Almeida: Ich glaube, das einzige, was auf der Platte wirklich wienerisch klingt, ist von mir.

Was ist das Wienerische daran?
Pluhar: Die Sprache. Der Sprachduktus meiner Kindheit, den ich verwende. Es gibt da von Antonio etliche Stücke, die einfach "Pluharlieder" heißen. Und im zweiten Teil unseres St. Pöltner Abends sind dann neun dieser Lieder in einer Orchesterversion.
Almeida: Das ist eine echte Premiere. Bisher habe ich die Lieder eigentlich gar nicht aufgeschrieben, nur gespielt. Und jetzt habe ich mich gezwungen, sie für Orchester zu setzen, sodaß es jetzt auch Noten davon gibt. Wir haben mit Peter Marinoff einen ganz neuen Stil geschaffen, nicht klassisch, auch nicht Unterhaltungsmusik. Es ist so etwas wie Kammermusik mit Gesang. Das klassische Element kam von mir, das jazzige von Peter und die Erika-Elemente, die kann sowieso kein anderer einbringen.

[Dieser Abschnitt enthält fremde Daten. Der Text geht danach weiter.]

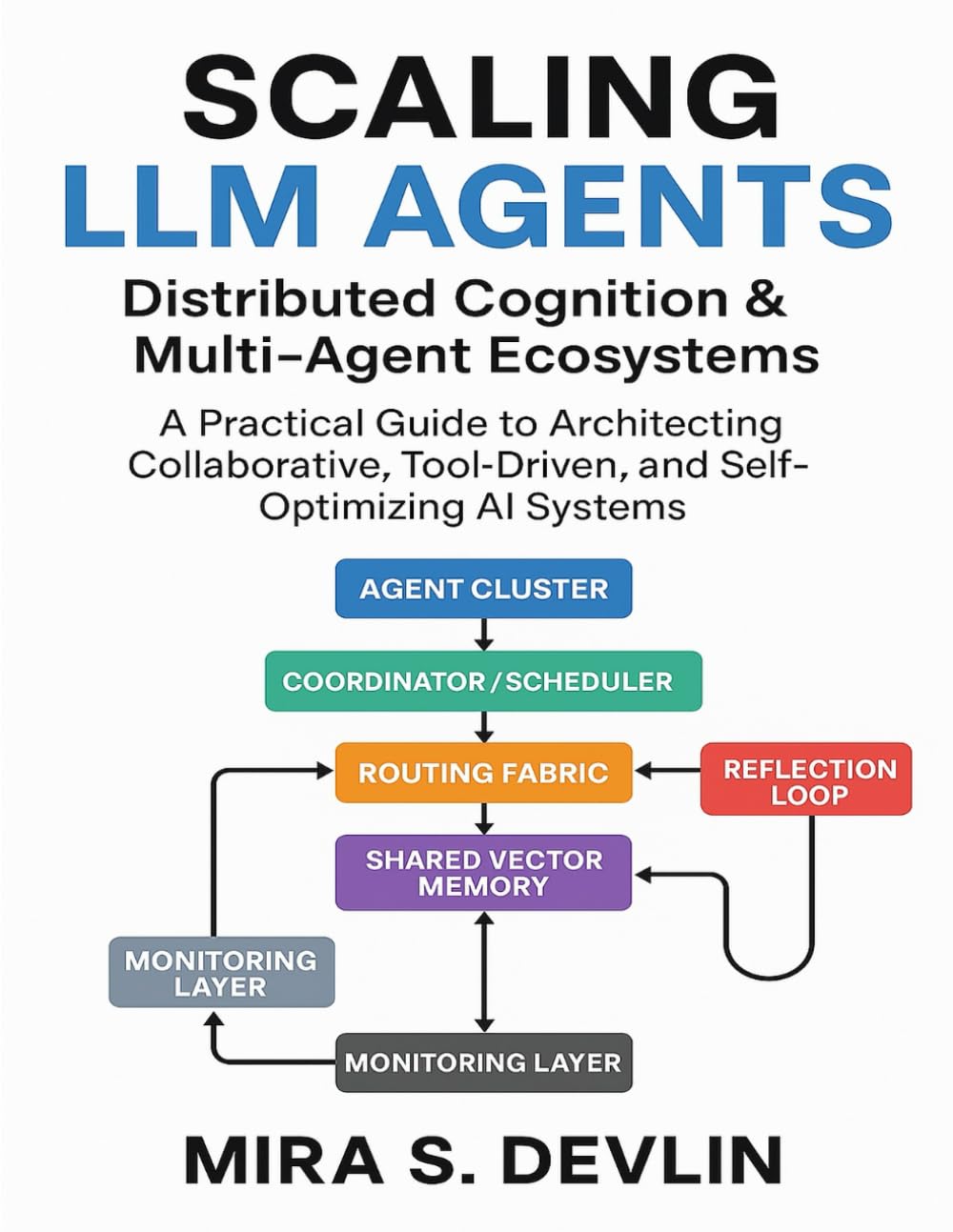 Scaling LLM Agents: Distributed Cognition & Multi-Agent Ecosystems: A Practical Guide to Architecting Collaborative, Tool-Driven, and Self-Optimizing AI Systems: 2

Das ist also je nach beteiligten Musikern jeweils ganz andere Musik?
Pluhar: Für mich ist es herrlich. Wenn ich mit Antonio allein arbeite, dann kommt etwas ganz anderes heraus, als wenn ich mit Klaus Trabitsch Musik mache. Obwohl sehr viele Lieder im Repertoire dieselben sind. Ich bin ja auch nicht einzuordnen in irgend eine Kategorie. Sicher nicht in die U-Musik, auch nicht wirklich in den E-Bereich. Ich schwebe da irgendwie dazwischen. Aber eher in Richtung "E", glaube ich.

Was hören Sie denn privat für Musik?
Pluhar: Wenig "U". Obwohl, wenn sich die sogenannte U-Musik zum Beispiel mit Frank Sinatra beschäftigt, dann hör ich's natürlich gern. Wir haben ja auch eine CD gemacht mit 25 "klassischen" Liedern von Cole Porter bis George Gershwin.
Almeida: Als wir angefangen haben, miteinander zu arbeiten, waren die Leute ja ein bißchen irritiert über unseren Stil. Das war ja etwas ganz anderes als das, was die Erika vorher gemacht hatte.
Pluhar: Es war schwierig, wie jeder Wechsel aus einer Schublade in eine andere. Als ich zum Beispiel angefangen habe, meine eigenen Texte zu schreiben. Ich bin überzeugt, daß diese Texte nicht schlechter waren, als das, was ich vorher gesungen hatte. Aber man hat sie mit großem Zynismus kommentiert. Wobei ich immer dafür plädiere, daß ein Liedtext ja nicht hohe Literatur ist. Diesen Anspruch, auf den die Häme gezielt hat, habe ich ja nie gestellt. Ich orientiere mich viel eher am Volkslied. Es ist eine schlichte Reflexion. Als ich dann mein erstes Buch geschrieben habe, war es irgendwie dasselbe. Aber mit Beharrlichkeit und ohne Hektik kann man das besiegen.

Das entscheidet ja dann das Publikum, oder?
Pluhar: Genau. Und wir haben immer unser Publikum. Auch unlängst im "Akzent". Das ist ja, wie man weiß, so ein Theater, in das keiner hineingehen will. Und wir waren voll. Auch in Deutschland ist das für mich immer interessant, weil ich da ja medial nicht so präsent bin. Auch dort haben wir keine Probleme.

Muß man da die Texte, die ja oft, wie Sie sagen, sehr wienerisch sind, anpassen?
Pluhar: Nein. Ich singe sie immer gleich. Nur ein bißchen erklären muß man manches vorher. Das sorgt ja auch für eine Riesenhetz. Zum Beispiel: Sad's es eh a? - Seid Ihr es denn ohnehin auch. Das sorgt für gute Laune. Und im Prinzip verstehen sie's immer.